My father is always in charge of cooking the dumplings. This, too is an art. As with all forms of art, he tells me, "it's not as easy as it looks." He carefully slides the dumplings from a plate into a pot of hot water. He stands by the stove, keeping a watchful eye, and waxing philosophical.
The danger here is tearing the dumpling skin -- if the dumplings surrender to gravity and fall to the bottom of the pot, they'll stick to the metal; if the water boils, the waves will churn the dumplings too roughly; if the water isn't hot enough, the dumplings will become soggy. The key is to keep the dumplings in a perfect state of contentment, to allow them to drift calmly from a gentle wave to gentle wave. To calibrate the temperature, he adds in a bowl of cold water from time to time, typically three times per batch. Finally, after fishing out the first batch, he tastes one and announces in his baritone, "good!" or "this time, especially good!"
My parents are both cooks, with their own specialties. My mom's dumplings far outshine San Francisco's most acclaimed dumpling restaurants -- I've tried to persuade her to sell frozen versions like Kingdom of Dumpling does -- and I've never tasted short ribs that can even compare to my dad's.

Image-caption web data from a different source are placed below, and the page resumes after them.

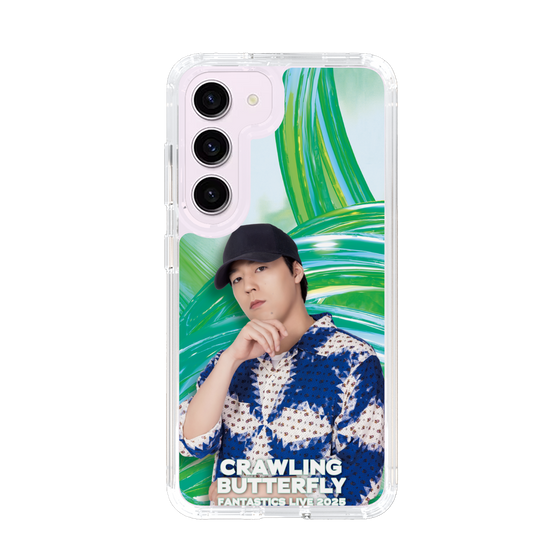 スリムプロテクションケース［ FANTASTICS LIVE 2025 "CRAWLING BUTTERFLY" "SILENT BUTTERFLY" "RISING BUTTERFLY" - 世界 - CRAWLING BUTTERFLY ］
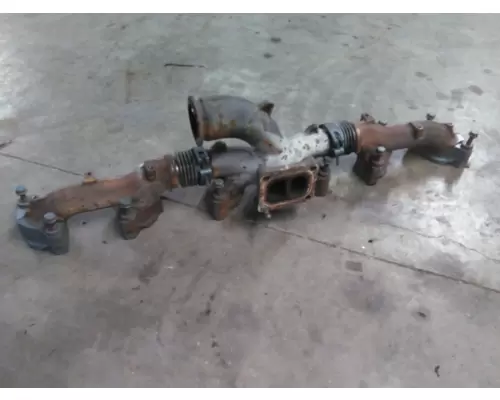 DETROIT DD15 EXHAUST MANIFOLD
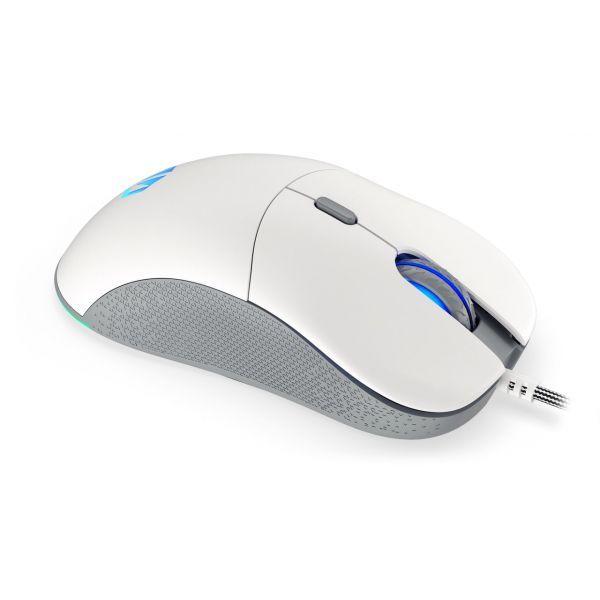 Rato ENDORFY GEM OWH PMW3325 (Ambidestro - 8000 DPI - Ótico PixArt PMW3325 - Branco), miniatura 5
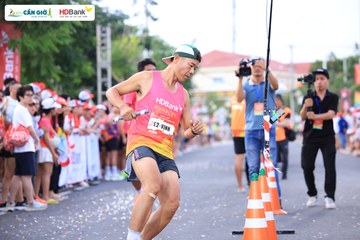 GREEN CẦN GIỜ MARATHON HDBANK - Ảnh #2486764
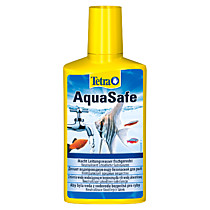Tetra AquaSafe кондиционер для подготовки воды аквариума 250 мл/500л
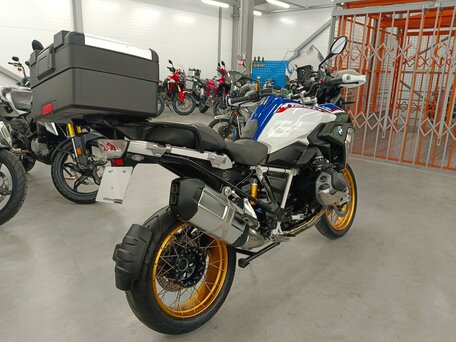 2020 BMW R 1250 GS, белый, 1580000 рублей, вид 3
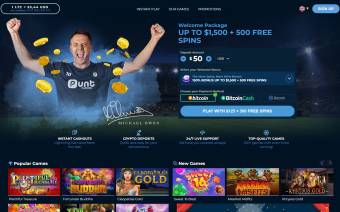 Punt Casino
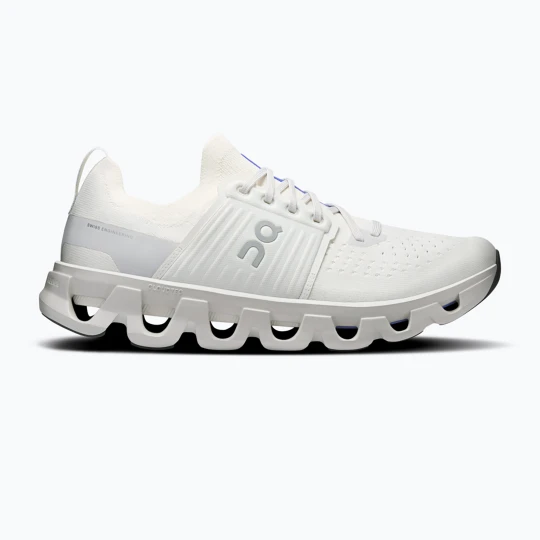 Zdjęcie produktu Buty do biegania męskie On Cloudswift 4 ivory/wolf Szary
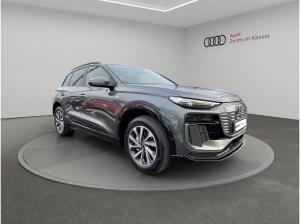 Audi Q6 e-tron S line LED CarPlay STandklima 360°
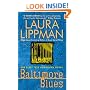 Baltimore Blues (Tess Monaghan Mysteries)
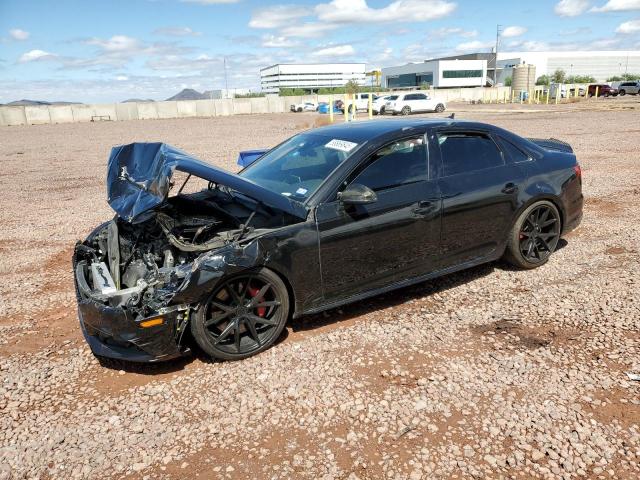  AUDI S4/RS4 2018 Black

With the exception of my mom's first foray into western desserts -- tiramisu and banana bread are now part of her repertoire -- neither of them follow recipes and there isn't a single cookbook in our home. When I first began baking cookies in the third grade, I asked my parents for measuring cups and spoons. My dad responded by chuckling. "Ingredients don't need to be measured. They're felt. With your heart and your taste buds, you'll figure it out." I ended up substituting a soup spoon to approximate the brown sugar, a water glass to scoop the butter, and, one weekend evening, a singed hand, and two dozen cookies later, I had mastered peanut butter cookies, recipe-less.

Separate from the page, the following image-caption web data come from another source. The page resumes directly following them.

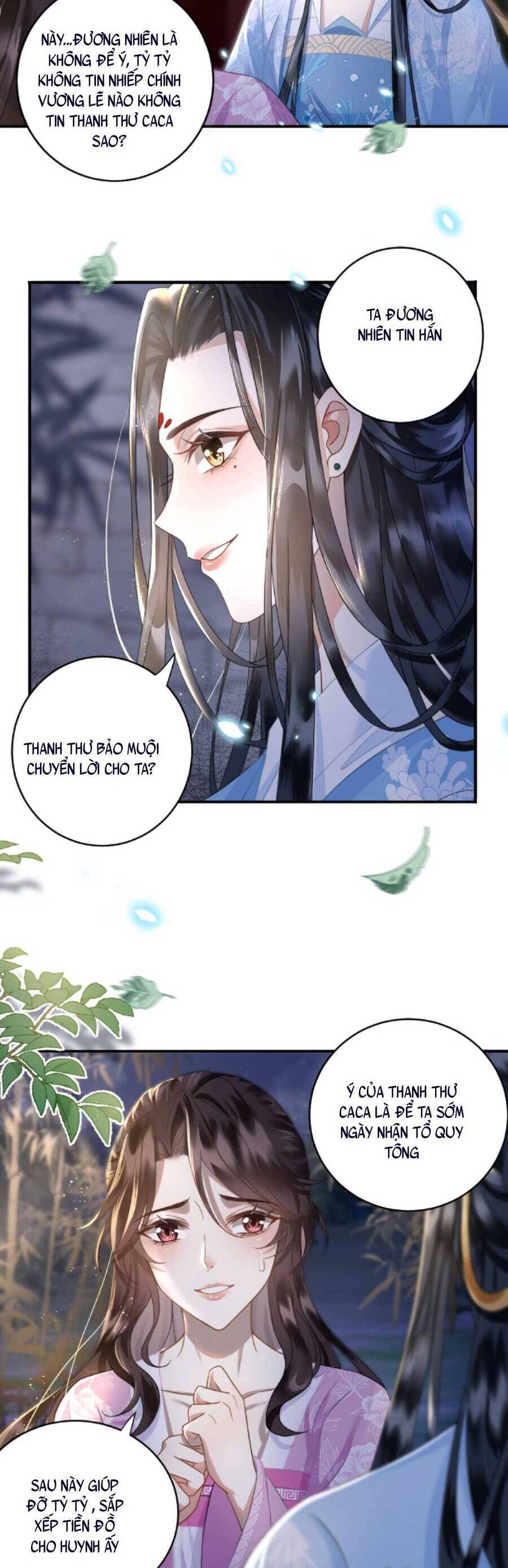 Nhiếp Chính Vương Bệnh Kiều Được Sủng Ái Chapter 2 - Trang 2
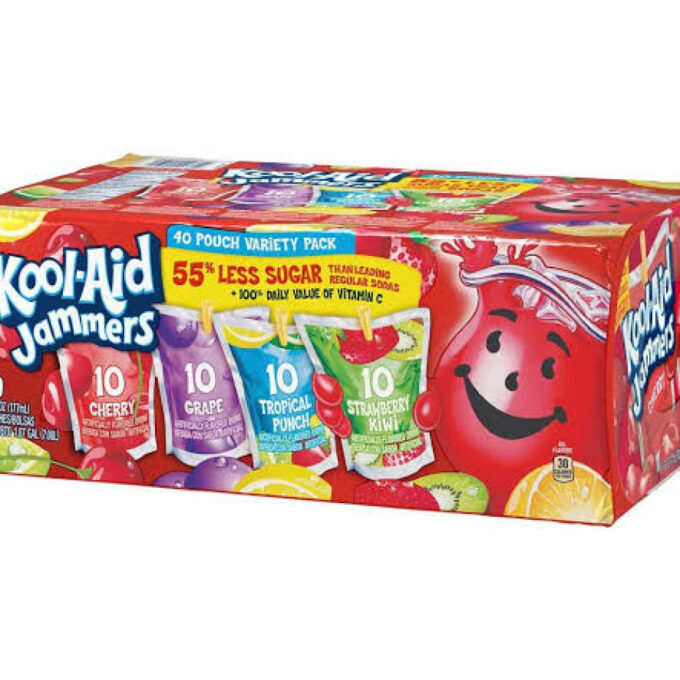 Kool Aids Jammers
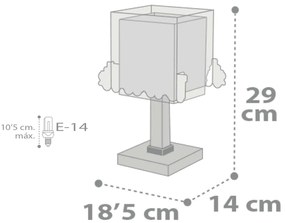Πορτατίφ Ango The Night Train
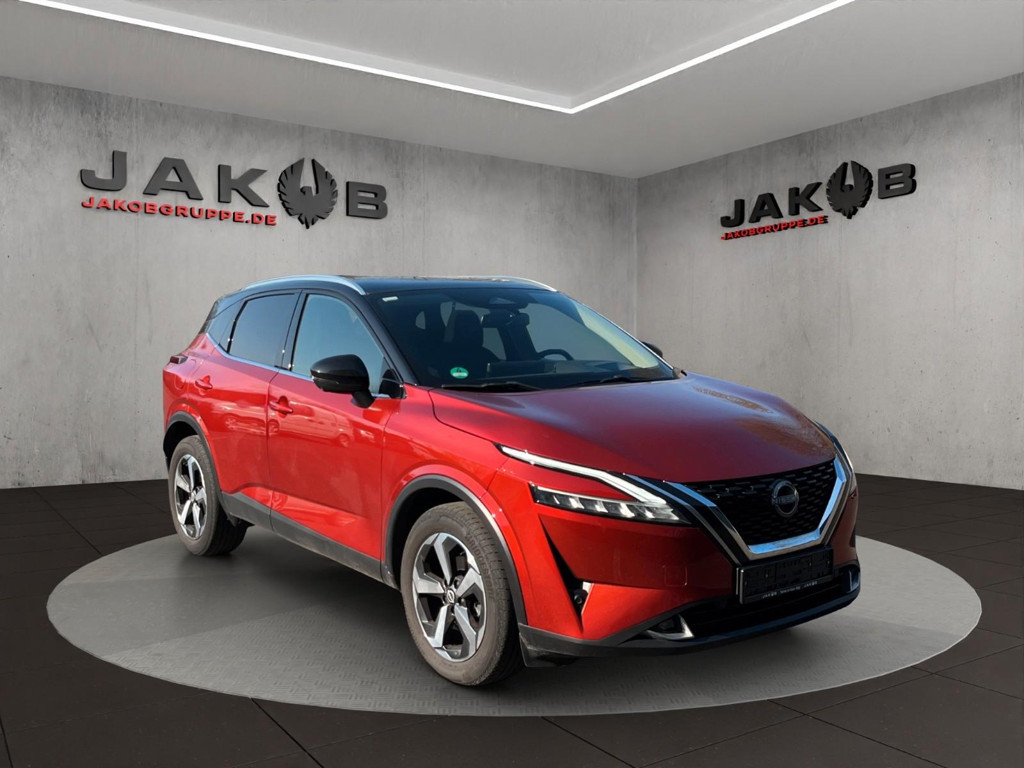Nissan Qashqai N-Connecta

Since then, I've cooked countless times with friends and significant others. I've noticed how careful they are in comparison -- how closely they read each step, how cautiously they pour the olive oil. For me, cooking is an emotional experience -- sometimes, a big, beautiful mess; sometimes, a steady, thoughtful experiment. It seems to me that insisting on such a close, literal reading of someone else's interpretation threatens to extract the emotions and rid the whole thing of anything personal. What need is there to "feel with my heart" if every aspect is so exactly dictated?
Whenever I visit my parents, the first thing my dad says upon seeing me is, "Have you eaten?" He grunts hello and blushes in discomfort when I say I love you, but he is always eager to know when the last time I ate was. This sentiment never varies, regardless of the time of my arrival. Whether it's three o'clock in the afternoon or nine o'clock at night, the kitchen table will be set in patient anticipation what a handful of covered dishes. For my parents, and for most parents, feeding is an act of love. Stepping into their home will always mark the commencement of another meal, because regardless of the time, our home is where the kitchen is.